The short answer is: strip them off! The longer answer is: run in such a way that you long to strip them off.
Hebrews 12:1 Therefore, since we are surrounded by so great a cloud of witnesses, let us also lay aside every weight, and sin which clings so closely, and let us run with endurance the race that is set before us, 2 looking to Jesus, the founder and perfecter of our faith, who for the joy that was set before him endured the cross, despising the shame, and is seated at the right hand of the throne of God.
This describes a marathon race and suggests that if we are to effectively complete the race marked out for us, we will need to strip off everything that slows us down. The writer describes these as weights and sins.

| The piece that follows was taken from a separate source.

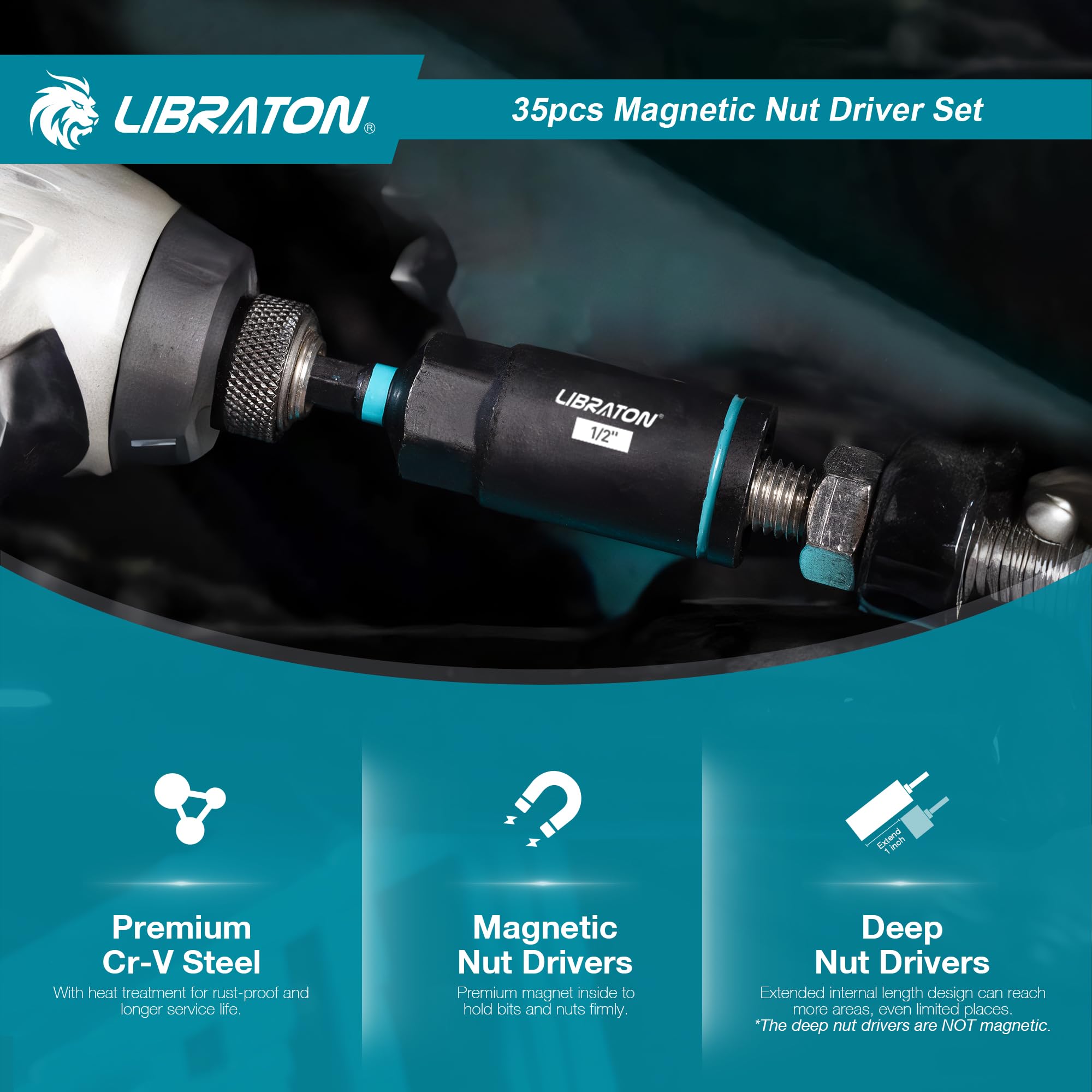 LIBRATON 6-inch quick-release bit extension keeps bits within reach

Weights are not necessarily sins - they are all the unnecessary baggage that when added to our lives has the cumulative effect of making us sluggish and slow in our Christian race.
Sins are like sticky vines and roots that easily trip us up, cling to us and slow us down, or overhang the path deceiving us into sidetracks.
The Hebrew Christians to whom this letter was written, had lost their 'fight'. They were no longer living on a competitive footing. They had become soft and distracted and were in danger of slipping away and fading to the rear of the pack so they failed to finish the race. The writer is urging them to get running!
It seems that if we get running, we will very quickly become aware of the surplus weight that is slowing us down and the sins that easily entangle us. Faithful running down the path Jesus has marked out for us, will soon get us discarding our unnecessary baggage and breaking through the sins that easily blocked our path when were were moving so sluggishly and aimlessly that we were making little or no progress at all.
1 Corinthians 9.24 Do you not know that in a race all the runners run, but only one receives the prize? So run that you may obtain it. 25 Every athlete exercises self-control in all things. They do it to receive a perishable wreath, but we an imperishable. 26 So I do not run aimlessly; I do not box as one beating the air. 27 But I discipline my body and keep it under control, lest after preaching to others I myself should be disqualified.